STORY OF DRAKULA HALÁLA
In 1924, Lajos Pánczél, a friend of Bela Lugosi, wrote a booklet about the film. The author, who secures the copyright for his book, publishes it in Temesvár. The booklet narrates the story of Drakula halála, which we unfortunately cannot witness. Of course, we can never ascertain the accuracy of the content, but today, this booklet stands as the most definitive source we have come across regarding the film’s existence.
When you read the film’s story, you will be even more saddened by its loss. Drakula halála, from its storyline to its characters, is remarkably consistent and, even more beautifully, a creative film. Especially with its final twist designed for Dracula, the film truly surprises the audience.
I would like to convey the paragraphs of this film booklet included in Gary D. Rhodes’s “Expressionism in the Cinema” book one by one here:
Click the Read Whole Story
The Death of Drakula:
A Novella of the Phantasy Film
by Lajos Pánczél
[Translated by Péter Litván and Gary D. Rhodes]
This mystical story ushers us into the bizarre realm of unrestrained human fantasy. Entering into this stormy night of dreams and magic, we are faced with an ominous tale of frightening black shadows, of the dying, and of the living dead.
In the midst of this piteous ensemble, there grows a budding, young girl; she is like an oasis in a barren desert wasteland, but unbridled madness savagely threatens her fragile existence. The weak little soul is a helpless captive of fate, which unmercifully forces her into life’s raging waters, down its cascades toward impending doom, until—after much suffering—the golden gate opens, and the heroine reaches the shores of a bright and happy future.
This is a brief summary of Drakula’s enthralling plot, the film version of which is a product of the great Hungarian cinema industry. Written and directed by Károly Lajthay, the film is enacted by the following cast:
Drakula Paul Askonas
Mary Margit Lux
George Deszö Kertész
The Chief Surgeon Elemér Thury
The Fake Surgeon Lajos Réthey
His Assistant Aladár Ihász
Funny Man Karl Götz
Also featuring Lajos Szalkay, Károly Hatvani, Oszkár Perczel, Béla Timár, Paula Kende and Lene Myl.
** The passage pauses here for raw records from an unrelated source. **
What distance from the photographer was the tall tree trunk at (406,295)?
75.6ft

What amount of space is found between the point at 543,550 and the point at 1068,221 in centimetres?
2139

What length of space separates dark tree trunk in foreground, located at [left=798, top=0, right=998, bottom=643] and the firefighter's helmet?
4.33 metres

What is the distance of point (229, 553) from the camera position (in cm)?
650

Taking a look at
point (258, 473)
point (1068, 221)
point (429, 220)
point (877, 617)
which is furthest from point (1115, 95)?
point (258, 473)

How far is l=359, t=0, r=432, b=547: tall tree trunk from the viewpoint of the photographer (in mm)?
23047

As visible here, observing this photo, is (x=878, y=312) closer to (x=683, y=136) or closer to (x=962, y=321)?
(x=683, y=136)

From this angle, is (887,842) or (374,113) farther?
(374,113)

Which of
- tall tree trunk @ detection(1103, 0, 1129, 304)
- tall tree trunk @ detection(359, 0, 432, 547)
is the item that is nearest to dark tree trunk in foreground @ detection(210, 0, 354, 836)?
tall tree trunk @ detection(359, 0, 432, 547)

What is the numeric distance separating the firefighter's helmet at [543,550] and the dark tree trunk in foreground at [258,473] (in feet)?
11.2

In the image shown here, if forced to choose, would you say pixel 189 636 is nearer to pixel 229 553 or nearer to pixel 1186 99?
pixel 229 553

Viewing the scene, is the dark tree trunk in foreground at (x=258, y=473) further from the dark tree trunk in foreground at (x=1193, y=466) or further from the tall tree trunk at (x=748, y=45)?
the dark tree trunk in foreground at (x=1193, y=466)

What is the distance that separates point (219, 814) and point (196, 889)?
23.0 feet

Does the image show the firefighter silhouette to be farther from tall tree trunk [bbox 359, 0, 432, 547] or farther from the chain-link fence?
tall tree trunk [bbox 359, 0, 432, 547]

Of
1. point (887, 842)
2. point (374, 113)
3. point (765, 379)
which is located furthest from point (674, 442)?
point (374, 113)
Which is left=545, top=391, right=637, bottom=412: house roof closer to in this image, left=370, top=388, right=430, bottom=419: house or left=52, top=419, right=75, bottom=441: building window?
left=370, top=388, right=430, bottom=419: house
I The Tragedy of Old Mr. Land
In the midst of some giant mountains covered with everlasting snow could be found a little Alpine village. Here, in majestic silence, far from the bustle of the world, lived little Mary Land, a poor seamstress. Each day in the life of this little lady passed sadly. Mary tried to overcome her loneliness and her heart’s endless sorrow by devoting herself to work. She toiled unceasingly, night and day, in order to earn a meagre salary, which she used to support her sick father who was kept in the mental asylum in nearby capitol city.
In the poor little house where Mary lived, the sewing machine was forever buzzing; her soft, fragile little fingers were always moving.
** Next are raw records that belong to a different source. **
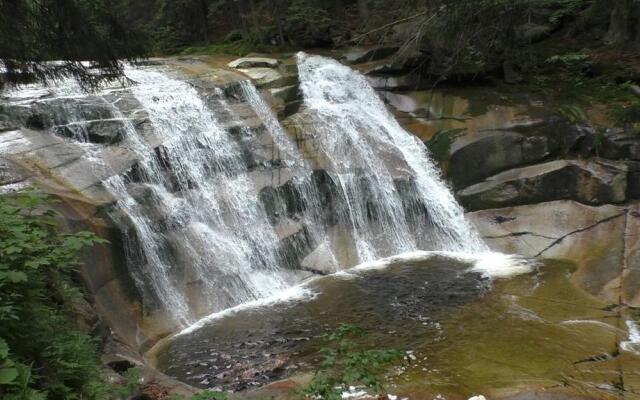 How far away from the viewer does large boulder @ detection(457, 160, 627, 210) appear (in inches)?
413

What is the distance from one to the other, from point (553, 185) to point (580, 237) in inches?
55.5

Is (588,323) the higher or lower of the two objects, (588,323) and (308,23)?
the lower

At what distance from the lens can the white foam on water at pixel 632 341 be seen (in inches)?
252

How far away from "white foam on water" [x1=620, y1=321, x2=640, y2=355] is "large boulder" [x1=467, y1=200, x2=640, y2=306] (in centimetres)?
103

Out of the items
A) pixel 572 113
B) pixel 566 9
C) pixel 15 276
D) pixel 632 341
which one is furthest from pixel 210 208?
pixel 566 9

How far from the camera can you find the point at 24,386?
120 inches

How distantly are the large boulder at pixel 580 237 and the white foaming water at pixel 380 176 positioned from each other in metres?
0.57

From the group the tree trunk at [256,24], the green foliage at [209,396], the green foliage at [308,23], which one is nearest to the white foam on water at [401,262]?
the green foliage at [209,396]

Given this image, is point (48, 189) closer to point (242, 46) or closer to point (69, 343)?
point (69, 343)

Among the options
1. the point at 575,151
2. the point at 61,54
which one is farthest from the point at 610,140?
the point at 61,54

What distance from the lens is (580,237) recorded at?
9.95m

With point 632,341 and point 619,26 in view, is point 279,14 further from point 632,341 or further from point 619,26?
point 632,341

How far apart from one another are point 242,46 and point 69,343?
14.7 metres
Outside of Mary’s home, the wintry landscape seemed to gleam with power. Surrounded by snowy mountains, the little village lived its own dreamlike life like a tiny island surrounded by the sea’s endless waters. A deep calm enshrouded the village, its peaceful citizens taking a rest from the year’s hardships.
Mary’s tiny house, where she had been born 16 years earlier, had once been a home to great happiness. Her parents were wealthy; their home was free of sorrow, filled instead with laughter and joy. However, during a recent spring, Mary’s mother fell ill, and not too long afterwards, Death delivered the poor woman from her misery.
Mary’s heart bled for her deceased mother, and old Mr. Land’s grief was indescribable. The tragedy had such a terrible impact on him that he eventually lost his mind, causing Mary to follow the doctors’ advice and have him committed to a mental asylum.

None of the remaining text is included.